# GELI's ciphers overview + sector size clarification



## Seeker (Jun 15, 2010)

I've tried almost hard, but failed to find a "raw" comparison of ciphers:
*AES, Blowfish, Camellia* -> category 128 and 256 bit.

Type of answer, I would like:
I.e; Relative to AES, Blowfish is 12% safer/stronger, and Camellia 88% safer/stronger.


Second question, relates to sector size, of raw device.
I.e;
cd has a sector size of 2048 bytes
HDD has a sector size of 512 bytes...

Now, on HDD, when we 'geli init' target(device,slice,partition...), where we can choose other sector size and then attach it, thus creating new /dev/...eli raw device, ready to receive data.
Does sector size of 4096 bytes, of .eli raw device, even speed beneficial, could cause problems with file systems(UFS, ZFS), that would potentially be installed on it, as they "expect" 512 bytes, of sector size for HDD?


----------



## SirDice (Jun 15, 2010)

Seeker said:
			
		

> Type of answer, I would like:
> I.e; Relative to AES, Blowfish is 12% safer/stronger, and Camellia 88% safer/stronger.

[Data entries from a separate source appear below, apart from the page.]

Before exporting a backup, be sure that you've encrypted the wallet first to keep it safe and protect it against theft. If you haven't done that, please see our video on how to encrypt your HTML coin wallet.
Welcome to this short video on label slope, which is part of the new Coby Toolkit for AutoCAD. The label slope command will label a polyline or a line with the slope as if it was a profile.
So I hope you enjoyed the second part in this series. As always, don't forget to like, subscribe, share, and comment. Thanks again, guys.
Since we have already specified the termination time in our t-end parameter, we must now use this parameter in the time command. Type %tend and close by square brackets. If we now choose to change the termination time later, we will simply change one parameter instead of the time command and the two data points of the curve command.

That's going to be tricky because you can't compare them that way.

http://en.wikipedia.org/wiki/Block_cipher_security_summary


----------



## Seeker (Jun 15, 2010)

Oh, I see.
And a... regarding Camellia..., this worries me a "bit".
As we are talking, about physical access, to our machine, as a reason to use GELI, then in that context *Camellia's key* is _gone for good_, by an attack method described above, as it is exclusively *local attack*.

What about sector size?


----------



## SirDice (Jun 15, 2010)

It's all about risk-management. What are the odds of 'them' capturing your keys. And how long it'll take for it to crack. It's usually easier just to steal someone's keys then it is to pick his lock. 

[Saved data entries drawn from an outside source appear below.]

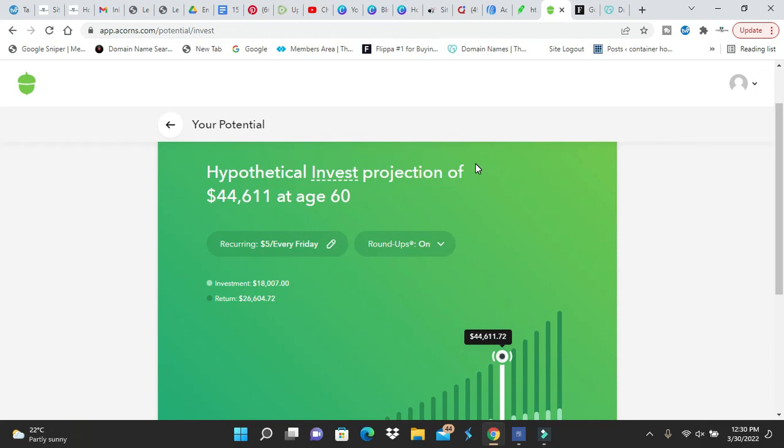With Robinhood you can't do roundups. That's the main selling factor. So thanks for watching my video. If you want to join Acorns, I have a link down below. But I'm going to digress right now. Please subscribe to the channel, like the video, and share the video. And see you next time.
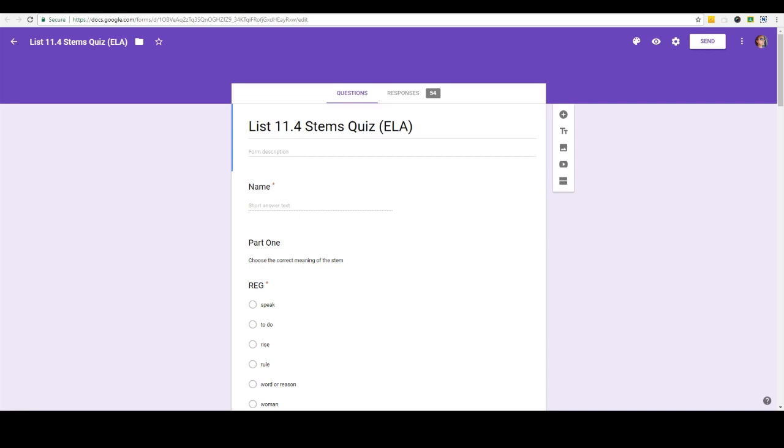By far the best feature that Google Forms offers is the ability to give a quiz that grades itself. We just have to go through a few quick settings and this quiz will be ready to give to the students.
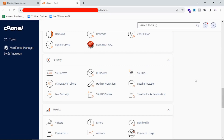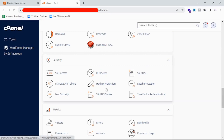Once you visit your cPanel, you will get to see an option called hotlink protection. So what does it mean and what you can do with the help of this option? Let's quickly understand.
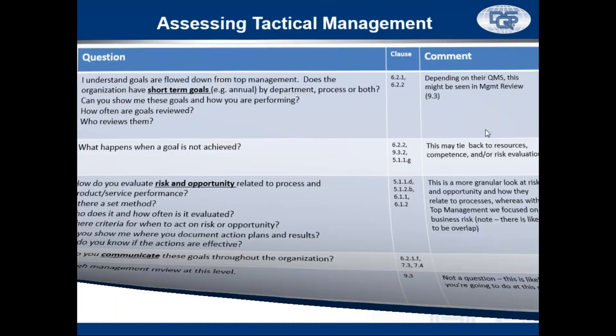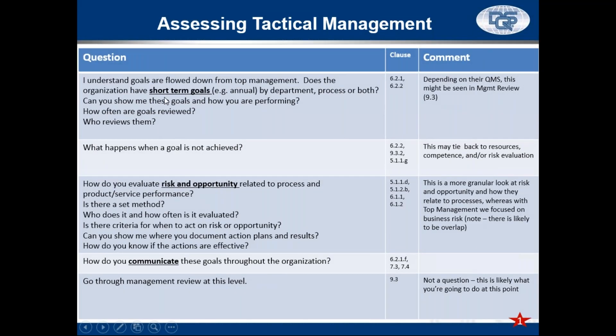Let's go through some questions for the middle layer. You've got your goals flowed down from top management — how are they set up? Are they by department, process, or both? Can you show them to me? Can you show me how you're performing? How often are you reviewing them? Who's reviewing them? And then the money question: what happens when they're not achieved? You want to see actions. More important than the report, you want to know what their processes are in the QMS so that when they've set a goal and they're not achieving it, they're going to take action on it.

No idea about sector size though


----------



## graudeejs (Jun 16, 2010)

Seeker said:
			
		

> Second question, relates to sector size, of raw device.
> I.e;
> cd has a sector size of 2048 bytes
> HDD has a sector size of 512 bytes...
> ...



No, it works just fine for me 
and I've been using geli with sector size 4096 for almost 2 years (this means both UFS and ZFS)


----------



## Seeker (Jun 16, 2010)

SirDice said:
			
		

> It's all about risk-management. What are the odds of 'them' capturing your keys. And how long it'll take for it to crack. It's usually easier just to steal someone's keys then it is to pick his lock...


No, no. That's not what I meant.
If someone, steals my HDD, encrypted with Camellia, he'll be able to recover Camellia's key, by applying attack, described in link, above.
As *local access*, is needed for it and physical possession of HDD, is exactly that.



			
				killasmurf86 said:
			
		

> No, it works just fine for me
> and I've been using geli with sector size 4096 for almost 2 years (this means bough UFS and ZFS)


Thx!


----------